Sections 1, 2, 3, 5, 6 and 7 applied to those native tenants that filed their claim with the Land Commission. While sections 4 and 7 applied to those native tenants that were not able to file their claim with the Land Commission but would go to the Minister of the Interior or special agents appointed by him to separate their interest with the Government. This group of native tenants did not get Land Commission Awards, but rather Royal Patent Grants. Below is Land Commission Award no. 4491 to Kuapu‘u by virtue of the Kuleana Act, followed by Royal Patent Grant no. 1042 to Kawahinekalewa by virtue of the Kuleana Act.
Of the three vested rights in the land, the Māhele was able to separate the Government from the 254 Konohiki lands, which included the Crown lands, and native tenants throughout the nineteenth century, whether by a Land Commission Award or a Royal Patent Grant. The Kuleana Act has not been repealed and still exists today for native tenants to acquire up to fifty acres in fee-simple. This is why the Māhele is a continuing process and not a singular event.
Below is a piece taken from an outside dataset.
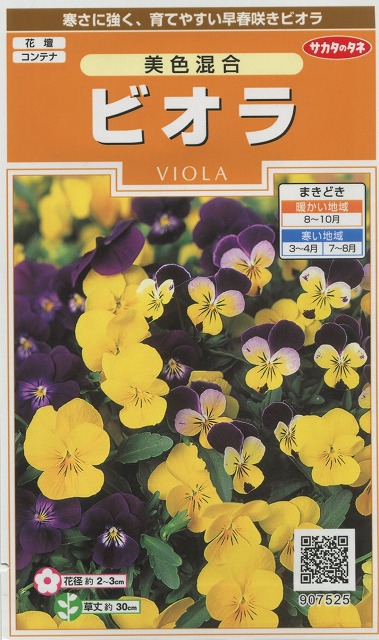 花の種 オール１割引き ビオラ 美色混合 約58粒 サカタのタネ 花種 花種 小袋 秋まき グリーンロフトネモト直営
The Māhele was such a monumental event of moving Hawaiian land tenure from feudal to private ownership that it became known as the Great Māhele. On December 18, 1848, the King and Privy Council approved certain rules to be followed for the Māhele that was drafted by Hawaiian Chief Justice William Lee. After submitting the rules for consideration, Chief Justice Lee stated:
In submitting the above rules to the consideration of You Majesty, I beg to state that I believe these rules to be such as are dictated by the Constitution and Laws of Your Kingdom and by the liberal and bountiful spirit which it has pleased Your Majesty to manifest for the good of Your Nation. It is my firm conviction that this silent and bloodless in the landed tenures of Your Kingdom will be the most blessed change that has ever fallen to the lot of Your Nation. It will remove the mountain of oppression that has hither to rested upon the productiveness of your soil, unbind the fetters of industry and wealth, and give a life and action to the dormant resources of Your Kingdom, which cover your land with the stream of prosperity and gladness. It is difficult at this day to foresee the bright results of this momentous change. I am aware that the division of lands between the Chiefs and Tenants of Your Kingdom will be attended with a multitude of difficulties. I cannot say that the great mass of Your Nation are full prepared to receive so great an Emancipation. They may spurn this proposed freedom. But I do not sincerely believe, that this great measure, by raising the Hawaiian Nation from a state of hereditary servitude, to that of a free and independent right in the soil they cultivate, will promote industry and agriculture, check depopulation, and ultimately prove the salvation of Your People. I believe it to be a measure which will meet the approval of Your Majesty in years to come, and cause your name to be remembered with veneration and gratitude by generations yet unborn. I believe that if this measure be fully carried out in the liberal spirit in which it is begun, if the lands of Your Majesty’s Kingdom be unlocked, it will open the hidden fountains of prosperity, and prove the dawn of a new and bright era to Your Kingdom.